A 3D-printed smartphone-based platform for in-situ and rapid monitoring of aquaculture pathogens using polydimethylsiloxane (PDMS) microchip with multiplex loop-mediated isothermal amplification (M-LAMP)

Aquaculture pathogens pose serious risks to aquatic livestock and global food safety. Key threats in shrimp farming include white spot syndrome virus (WSSV), Vibrio parahaemolyticus (causing acute hepatopancreatic necrosis disease, AHPND), and Enterocytozoon hepatopenaei (EHP). Rapid, on-site detection is critical for early detection and outbreak prevention.
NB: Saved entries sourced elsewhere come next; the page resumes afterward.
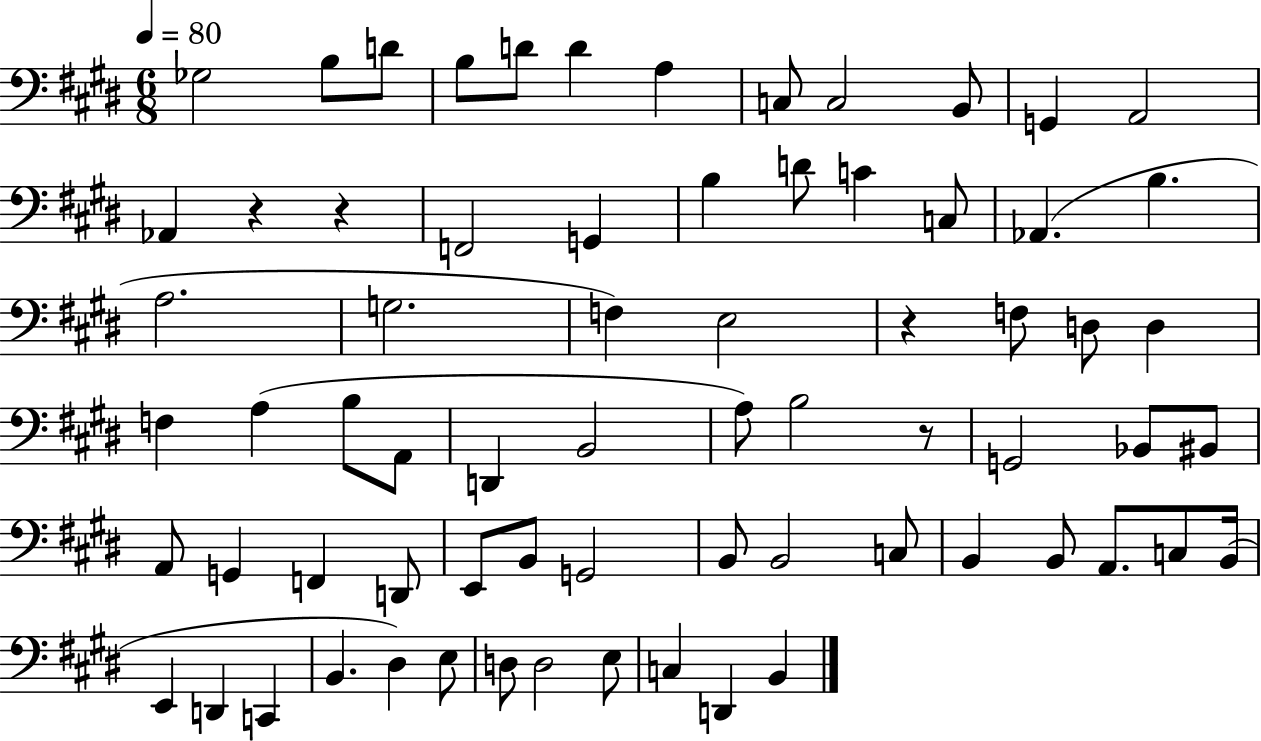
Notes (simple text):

Gb3/h B3/e D4/e B3/e D4/e D4/q A3/q C3/e C3/h B2/e G2/q A2/h Ab2/q R/q R/q F2/h G2/q B3/q D4/e C4/q C3/e Ab2/q. B3/q. A3/h. G3/h. F3/q E3/h R/q F3/e D3/e D3/q F3/q A3/q B3/e A2/e D2/q B2/h A3/e B3/h R/e G2/h Bb2/e BIS2/e A2/e G2/q F2/q D2/e E2/e B2/e G2/h B2/e B2/h C3/e B2/q B2/e A2/e. C3/e B2/s E2/q D2/q C2/q B2/q. D#3/q E3/e D3/e D3/h E3/e C3/q D2/q B2/q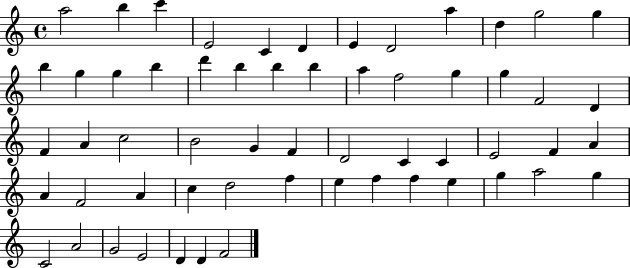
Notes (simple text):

A5/h B5/q C6/q E4/h C4/q D4/q E4/q D4/h A5/q D5/q G5/h G5/q B5/q G5/q G5/q B5/q D6/q B5/q B5/q B5/q A5/q F5/h G5/q G5/q F4/h D4/q F4/q A4/q C5/h B4/h G4/q F4/q D4/h C4/q C4/q E4/h F4/q A4/q A4/q F4/h A4/q C5/q D5/h F5/q E5/q F5/q F5/q E5/q G5/q A5/h G5/q C4/h A4/h G4/h E4/h D4/q D4/q F4/h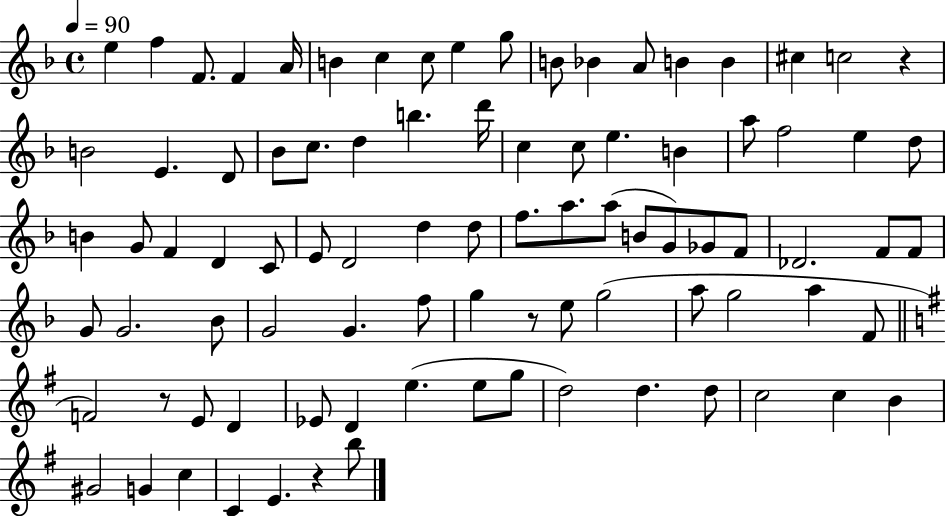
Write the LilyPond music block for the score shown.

{
  \clef treble
  \time 4/4
  \defaultTimeSignature
  \key f \major
  \tempo 4 = 90
  e''4 f''4 f'8. f'4 a'16 | b'4 c''4 c''8 e''4 g''8 | b'8 bes'4 a'8 b'4 b'4 | cis''4 c''2 r4 | \break b'2 e'4. d'8 | bes'8 c''8. d''4 b''4. d'''16 | c''4 c''8 e''4. b'4 | a''8 f''2 e''4 d''8 | \break b'4 g'8 f'4 d'4 c'8 | e'8 d'2 d''4 d''8 | f''8. a''8. a''8( b'8 g'8) ges'8 f'8 | des'2. f'8 f'8 | \break g'8 g'2. bes'8 | g'2 g'4. f''8 | g''4 r8 e''8 g''2( | a''8 g''2 a''4 f'8 | \break \bar "||" \break \key e \minor f'2) r8 e'8 d'4 | ees'8 d'4 e''4.( e''8 g''8 | d''2) d''4. d''8 | c''2 c''4 b'4 | \break gis'2 g'4 c''4 | c'4 e'4. r4 b''8 | \bar "|."
}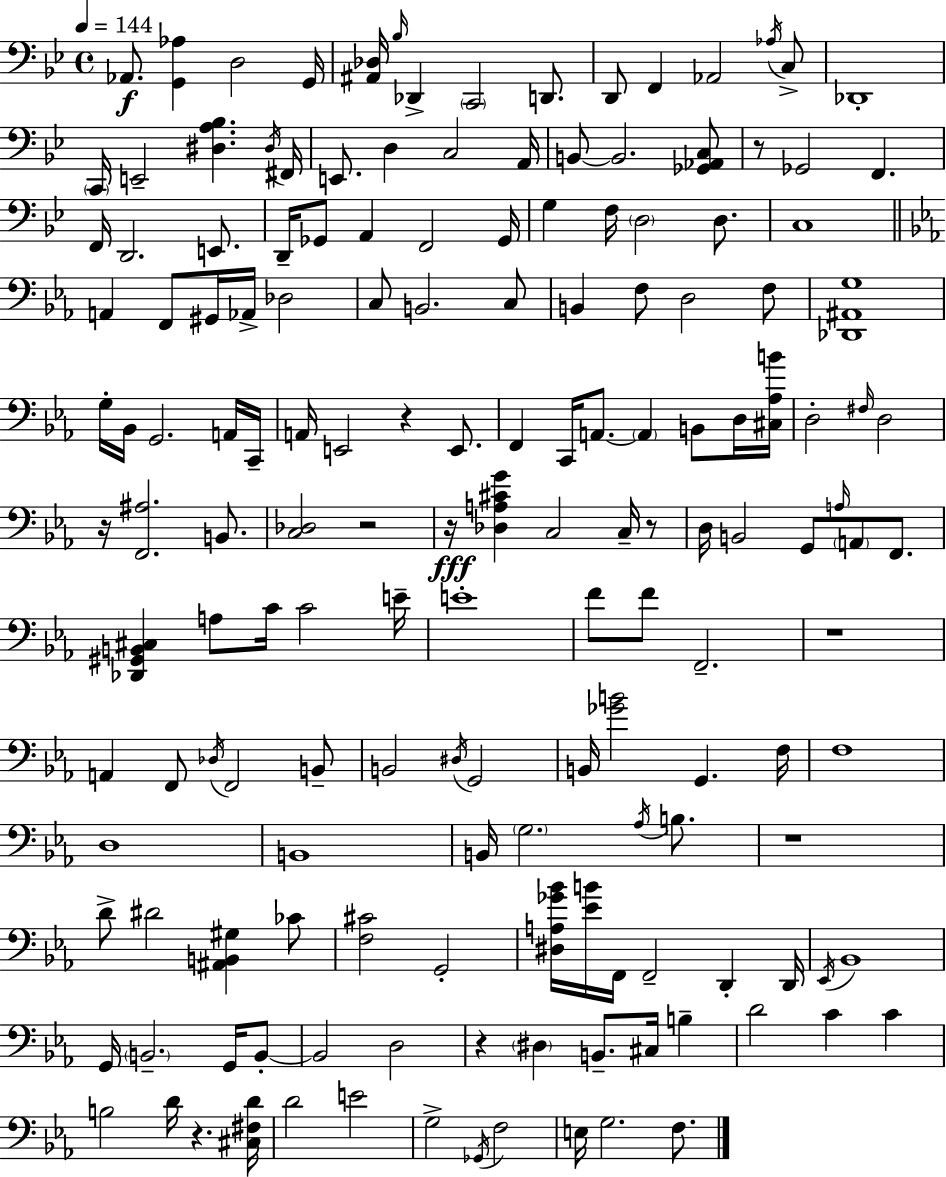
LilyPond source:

{
  \clef bass
  \time 4/4
  \defaultTimeSignature
  \key bes \major
  \tempo 4 = 144
  aes,8.\f <g, aes>4 d2 g,16 | <ais, des>16 \grace { bes16 } des,4-> \parenthesize c,2 d,8. | d,8 f,4 aes,2 \acciaccatura { aes16 } | c8-> des,1-. | \break \parenthesize c,16 e,2-- <dis a bes>4. | \acciaccatura { dis16 } fis,16 e,8. d4 c2 | a,16 b,8~~ b,2. | <ges, aes, c>8 r8 ges,2 f,4. | \break f,16 d,2. | e,8. d,16-- ges,8 a,4 f,2 | ges,16 g4 f16 \parenthesize d2 | d8. c1 | \break \bar "||" \break \key ees \major a,4 f,8 gis,16 aes,16-> des2 | c8 b,2. c8 | b,4 f8 d2 f8 | <des, ais, g>1 | \break g16-. bes,16 g,2. a,16 c,16-- | a,16 e,2 r4 e,8. | f,4 c,16 a,8.~~ \parenthesize a,4 b,8 d16 <cis aes b'>16 | d2-. \grace { fis16 } d2 | \break r16 <f, ais>2. b,8. | <c des>2 r2 | r16\fff <des a cis' g'>4 c2 c16-- r8 | d16 b,2 g,8 \grace { a16 } \parenthesize a,8 f,8. | \break <des, gis, b, cis>4 a8 c'16 c'2 | e'16-- e'1-. | f'8 f'8 f,2.-- | r1 | \break a,4 f,8 \acciaccatura { des16 } f,2 | b,8-- b,2 \acciaccatura { dis16 } g,2 | b,16 <ges' b'>2 g,4. | f16 f1 | \break d1 | b,1 | b,16 \parenthesize g2. | \acciaccatura { aes16 } b8. r1 | \break d'8-> dis'2 <ais, b, gis>4 | ces'8 <f cis'>2 g,2-. | <dis a ges' bes'>16 <ees' b'>16 f,16 f,2-- | d,4-. d,16 \acciaccatura { ees,16 } bes,1 | \break g,16 \parenthesize b,2.-- | g,16 b,8-.~~ b,2 d2 | r4 \parenthesize dis4 b,8.-- | cis16 b4-- d'2 c'4 | \break c'4 b2 d'16 r4. | <cis fis d'>16 d'2 e'2 | g2-> \acciaccatura { ges,16 } f2 | e16 g2. | \break f8. \bar "|."
}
In this study, we developed a portable, smartphone-based diagnostic platform utilizing multiplex loop-mediated isothermal amplification (LAMP) for simultaneous detection of multiple pathogens in a single reaction. A PDMS microchip with 30 reaction wells (5 × 6 array) and a temperature control well was fabricated for efficient multiplexing. Immobilized LAMP reagents with freeze-drying lyophilization were preloaded into wells to streamline preparation and enhance stability. The system successfully identified both waterborne indicator bacteria (E. coli, E. faecalis, Salmonella) and major shrimp pathogens (WSSV, AHPND, EHP) in samples from Penaeus vannamei, Penaeus monodon, and aquaculture water. The microchip maintained stable isothermal conditions (65.1 ± 0.6 °C), enabling visual detection via color change at low DNA concentrations (as low as 4 copies/μL). All WSSV and EHP infections in shrimp tissues and water samples were correctly identified using LAMP reaction within 35 min (excluding the DNA extraction process), demonstrating 100% positive detection rates. The smartphone interface allowed real-time imaging and result interpretation, offering a rapid, user-friendly tool for in situ pathogen monitoring. This platform represents a practical, low-cost solution for field diagnostics and improved disease management in aquaculture.